- **SUPPLIED MATERIAL**:
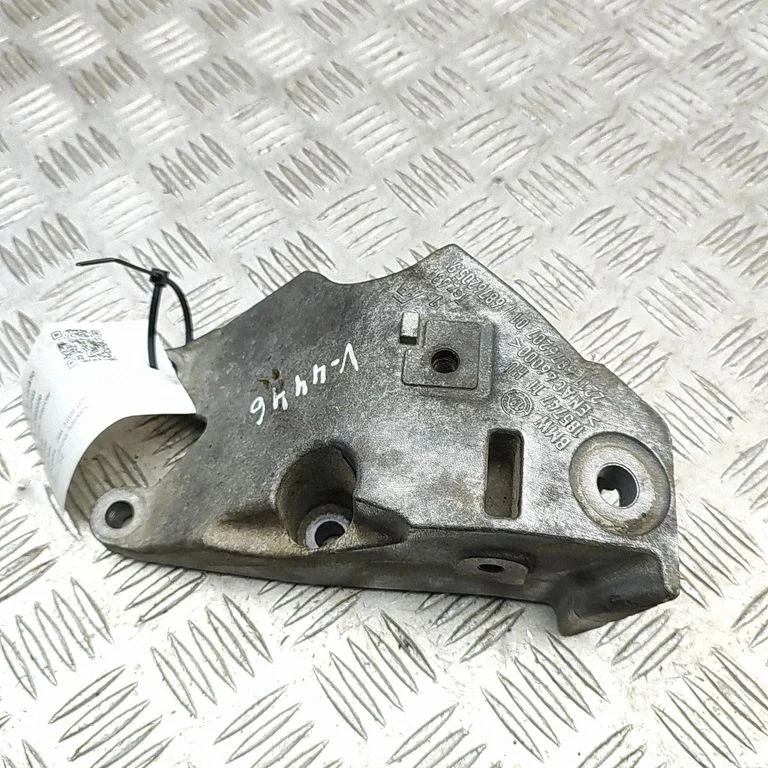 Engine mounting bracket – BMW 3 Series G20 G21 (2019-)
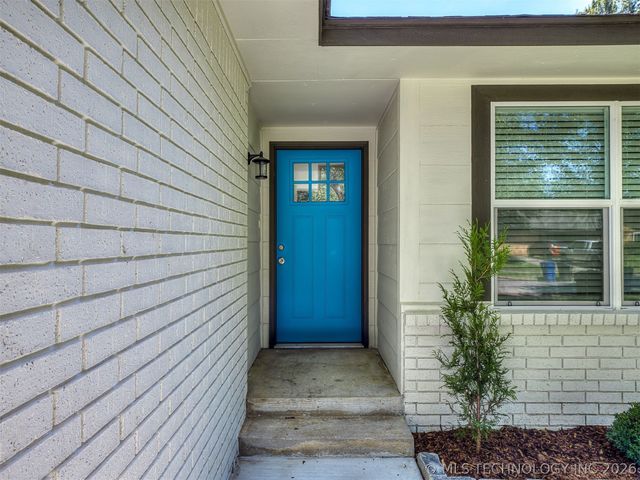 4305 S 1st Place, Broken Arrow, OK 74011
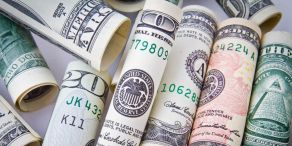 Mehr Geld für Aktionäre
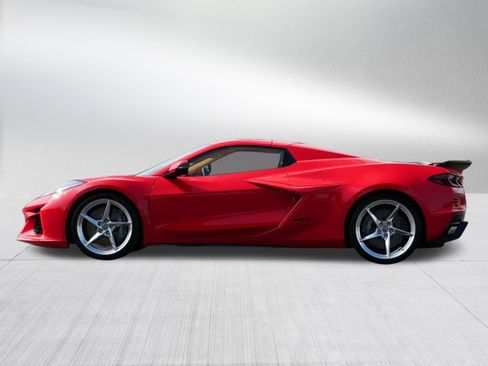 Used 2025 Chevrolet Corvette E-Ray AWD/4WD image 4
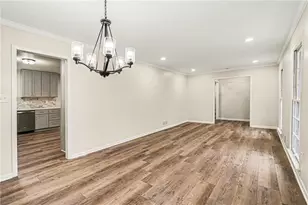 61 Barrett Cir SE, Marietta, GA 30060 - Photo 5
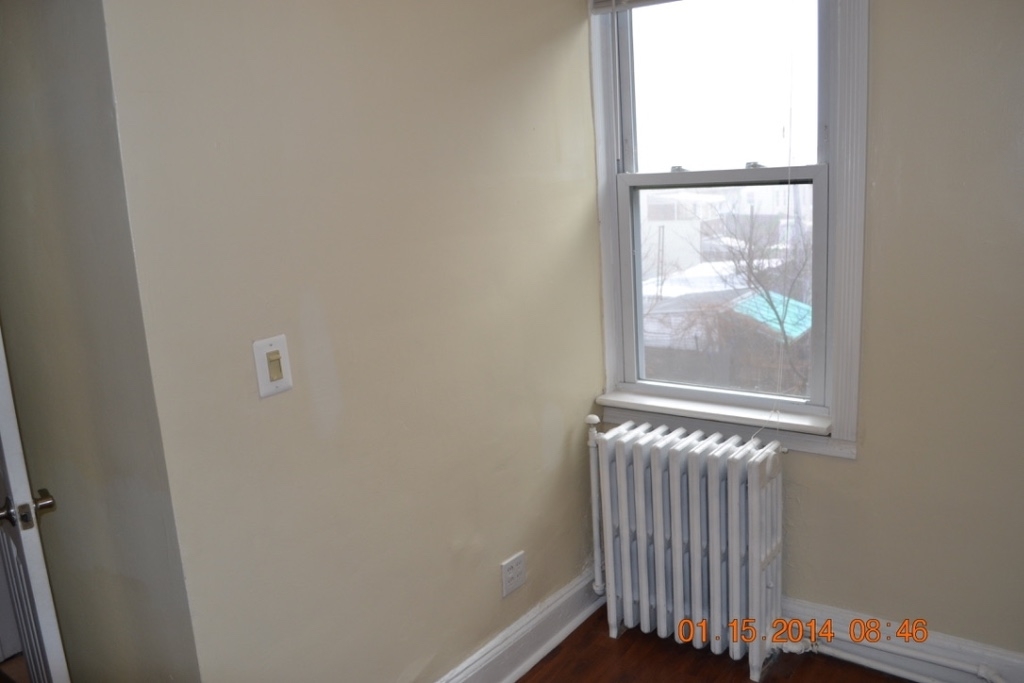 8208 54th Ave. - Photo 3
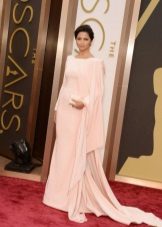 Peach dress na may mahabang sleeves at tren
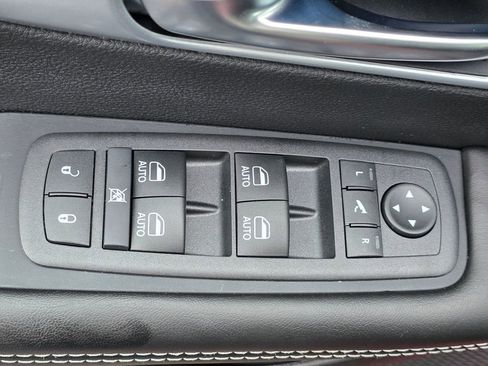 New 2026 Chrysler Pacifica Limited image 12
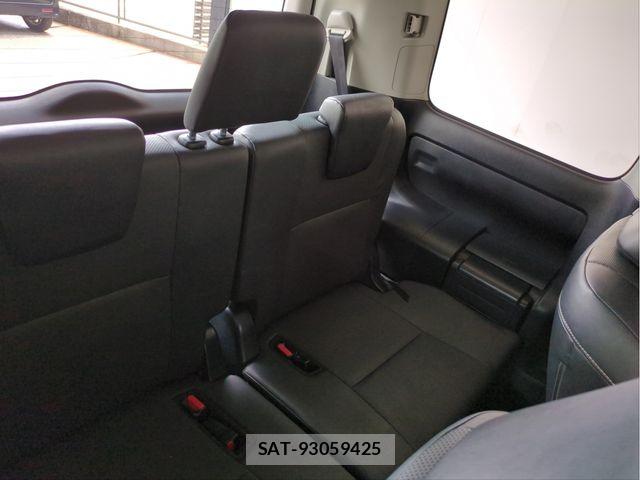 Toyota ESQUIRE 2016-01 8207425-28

- **WHAT YOU SHOULD DO**:
Starting with the line that holds "4305 S 1st Place, Broken Arrow, OK 74011", print each line through the last one of the data exactly as written, but do not include the pictures.

- **RESULT FOR THIS EXERCISE**:
 4305 S 1st Place, Broken Arrow, OK 74011
 Mehr Geld für Aktionäre
 Used 2025 Chevrolet Corvette E-Ray AWD/4WD image 4
 61 Barrett Cir SE, Marietta, GA 30060 - Photo 5
 8208 54th Ave. - Photo 3
 Peach dress na may mahabang sleeves at tren
 New 2026 Chrysler Pacifica Limited image 12
 Toyota ESQUIRE 2016-01 8207425-28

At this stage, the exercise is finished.